# Corn price discussion



## BREND (30 December 2007)

*Fundamental:*

Corn rose, matching yesterday's 11- year high, on speculation that a new energy bill and rising oil prices may increase demand for crops used to make fuel.

The bill signed by President George W. Bush last week will more than quadruple the use of alternative fuels such as ethanol to 36 billion gallons in 2022 from 7.5 billion this year. Crude oil, which reached a record last month, is up 58 percent this year, improving demand for biofuels to extend gasoline supplies.

Corn prices continue to gain from recognition that the new energy bill signed last week is very bullish for corn to meet ethanol demand,'' said Bill Nelson, a vice president for A.G. Edwards Inc. in St. Louis. ``The rise in crude oil is
improving demand for ethanol in gasoline'' outside of areas where the fuel is required by law, Nelson said.

Corn futures for March delivery rose 2.5 cents, or 0.6 percent, to $4.5475 a bushel on the Chicago Board of Trade. Prices yesterday and today reached $4.55, the highest since June 1996. The price is up 17 percent this year on record demand to
produce ethanol and feed livestock, poultry and dairy cows.
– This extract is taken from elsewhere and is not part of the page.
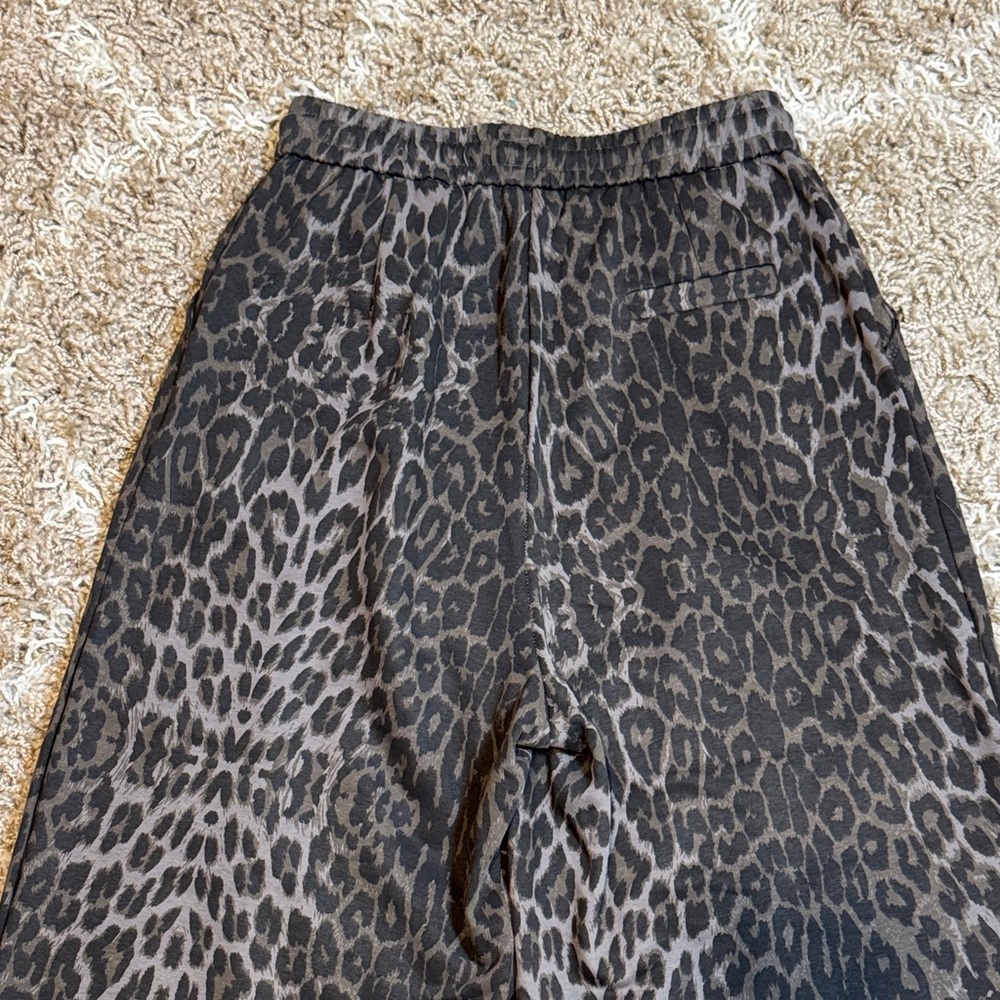 BEULAHSTYLE Leopard Print Wide Leg Pants size M/L - Picture 4 of 13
In 2006, almost 5 billion gallons of ethanol were produced, according to the Energy Information Administration, the Energy Department's statistical arm. Under the new energy bill, that total will rise to 15 million gallons by 2022.
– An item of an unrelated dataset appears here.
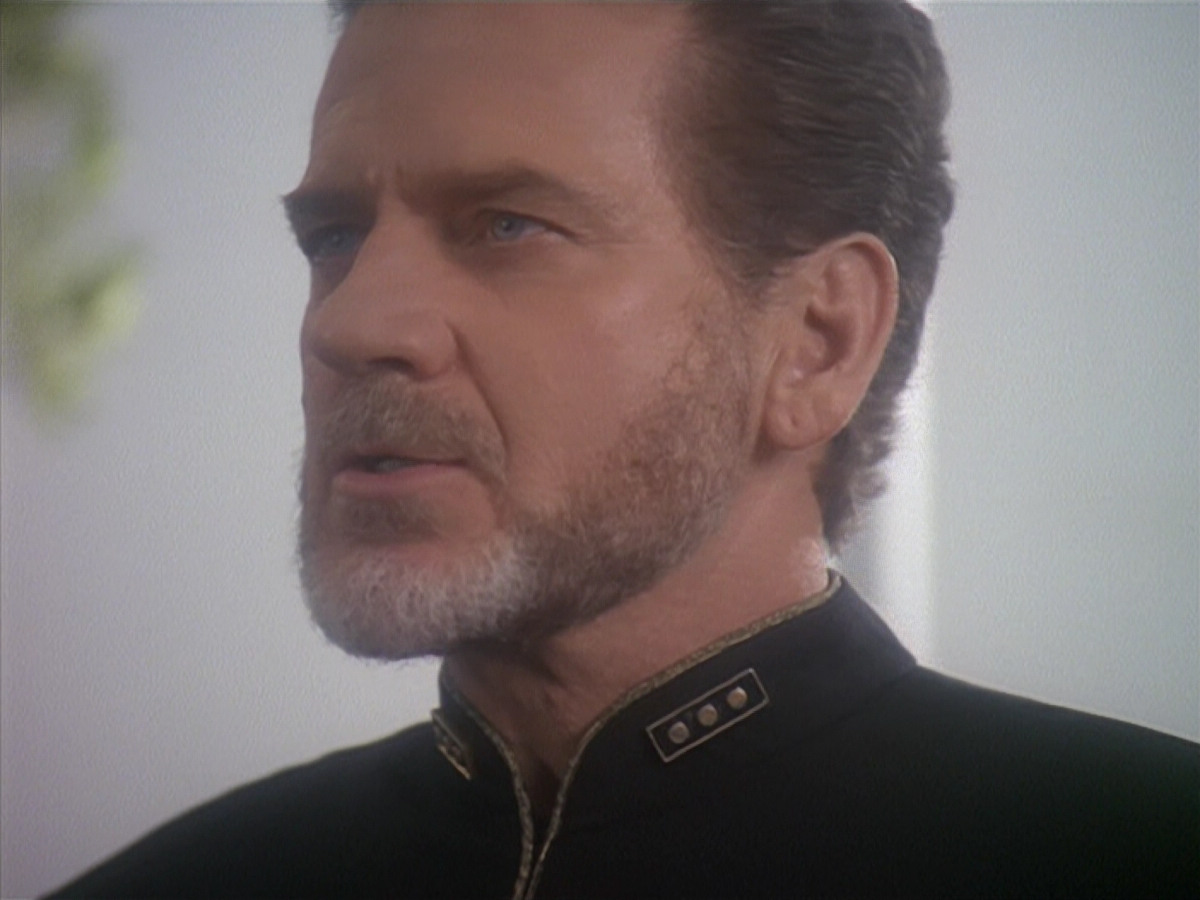 extant_StarTrek_DS9_4x12-ParadiseLost_03036.jpg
There are 134 ethanol distilleries in the U.S., with the capacity to produce 7.23 billion gallons of the fuel annually, according to the Renewable Fuels Association in Washington. The 77 plants under construction will boost the nation's production capability to about 13.45 billion gallons.
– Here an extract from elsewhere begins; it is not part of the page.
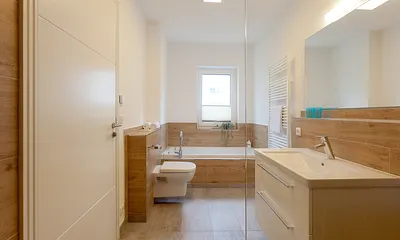 Bad mit Dusche und Badewanne EG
Denatured ethanol for May delivery rose 3 cents, or 1.5 percent, to $2.09 a gallon on the Chicago Board of Trade after yesterday touching $2.10 a gallon, the highest for the most- active contract since May 30.

*Technical:*

Critical resistance level had broken

Short term chart showing an uptrend

Corn charts can be found in my blog.

_(Think fundamental, but trade technical)_


----------



## Student of Gann (30 May 2022)

If price continues moving up we could see Top on the 7th June then down till the 16th June where Low is indicated . As we move into the first date we should be able to determine if we are setting up for Top in line with the Curve .


----------